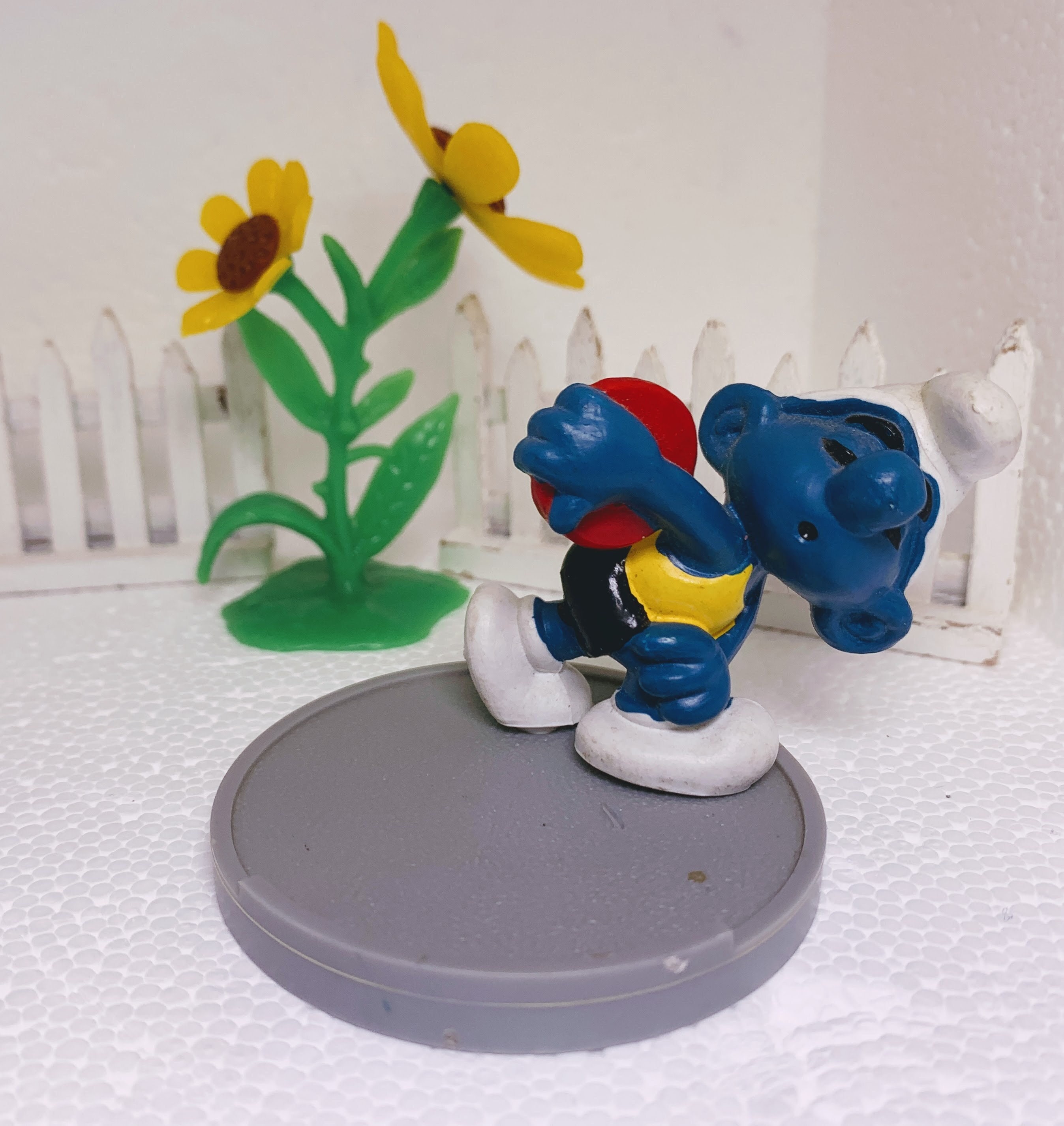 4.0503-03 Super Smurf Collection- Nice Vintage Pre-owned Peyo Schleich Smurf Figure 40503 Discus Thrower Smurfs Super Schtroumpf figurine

==

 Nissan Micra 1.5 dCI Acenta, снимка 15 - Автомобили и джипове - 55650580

...

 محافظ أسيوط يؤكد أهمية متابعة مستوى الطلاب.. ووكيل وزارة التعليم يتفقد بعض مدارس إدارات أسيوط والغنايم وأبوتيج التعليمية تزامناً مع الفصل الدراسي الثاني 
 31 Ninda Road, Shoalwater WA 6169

### WORK INSTRUCTION
Beginning with the line that has "محافظ أسيوط يؤكد" and ending with the line that has "31 Ninda Road, Shoalwater WA 6169", set down the lines above exactly and include no others.

### RESPONSE AREA
 محافظ أسيوط يؤكد أهمية متابعة مستوى الطلاب.. ووكيل وزارة التعليم يتفقد بعض مدارس إدارات أسيوط والغنايم وأبوتيج التعليمية تزامناً مع الفصل الدراسي الثاني 
 31 Ninda Road, Shoalwater WA 6169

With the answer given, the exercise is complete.